I don't know that I have learned anything new as such, but the first part of the book definitely had me remembering my couple of days that I spend in Vienna many years ago. From what I can recall, the centre of Vienna itself was quite modern as a result of the damage done during WWII and then subsequent building, but there were some gems to be found - most notably the Opera House. We stayed in a hotel not too far from Schonnbrunn Palace. The hotel had been converted from an old house (I use the word loosely) and so the rooms were immense, especially considering some of the shoe boxes we stayed in during the tour) with very high ceilings. It was obvious that it was a faded glory and the foyer had a very dated (as in 70's or 80's) feel to it, but the rooms made up for it as did the location. Oh, and we ate our continental breakfasts in what would have been the ballroom originally! Very grand!
In Carrie's post for this week she spoke about the fact that refugees came to England in the late 1930s and found work in menial tasks.This part actually reminded me of the Eva Ibbotson book I read not too long ago, A Countess Below Stairs, which featured Russian refugess who were displaced to the UK, although that was twenty years earlier following the events of the Russian revolution. Another book I read this year which talked about refugees coming to the UK in the late 1930s was Anna Funder's All That I Am, although in that case the refugees weren't coming to work as such.
Also, I should mention that Mr Rosenblum also comes to England during this time and so Solomons has explored this time a little before, but there is a very different feel between that book and this one so far.
I think that we have been introduced to someone who is conscious of not really fitting in anywhere. Her family loves her, but she doesn't share their passions or talents, and she thinks she looks very different from them, but I think that the time spent away from them is helping her see that she is the same of them. An example of this is when she remembers that her hair is the same colour as her father's hair.
Now, she has come to a new country, a new circumstance where she doesn't really speak the language and she is even more aware of not fitting in.
Do you think Elise will ever see her parents, or her sister, Margot again?
I really think that Elise won't see her parents again, and I think that they know that they won't see her. I do think that Margot and her husband will make it out of Vienna safely, but it will be some time before the two sisters are reunited.
Want to make any predictions?
It is obvious from the blurb and the trailer that this is a love story, so I expect that the next section will see this aspect of the story developing a bit more. I am looking forward to finding out more about the novel in the viola and the role that plays in the story.

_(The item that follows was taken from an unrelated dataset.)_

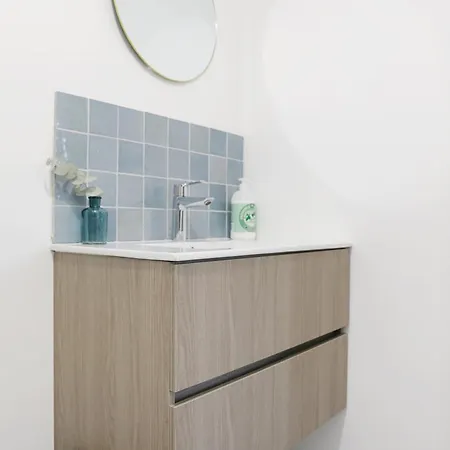 Les Amoureux De La Baie * Favières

I am also looking forward to finding out more about Tyneford after reading the notice that was put on the church door that was mentioned at the very beginning of the book, and is also mentioned briefly in the video below:
On a tangent, when I was watching this video on Youtube I noticed a link where Richard was talking about being featured on Who Do You Think You Are? I love that show, and hadn't seen his episode. I ended up watching the show and thought it was interesting. The one thing I learnt - I am never going to Nova Scotia in January!
In my head I do have a trip to Canada planned, mainly to see Kelly from The Written World. I would fly to New York (because I have always wanted to go there), then travel up the coast through Maine and then into Nova Scotia and I would also head up to Quebec to see another couple of online friends. The likelihood of that trip ever happening is remote, but it doesn't hurt to dream right? It would however be a Canadian summer trip!
*In theory, I am also participating in the Mistborn readalong that Carl is posting as part of the Once Upon a Time challenge but the book has only just come into the library so I won't be picking it up until tomorrow at the earliest so I am going to be a bit behind posting on that one!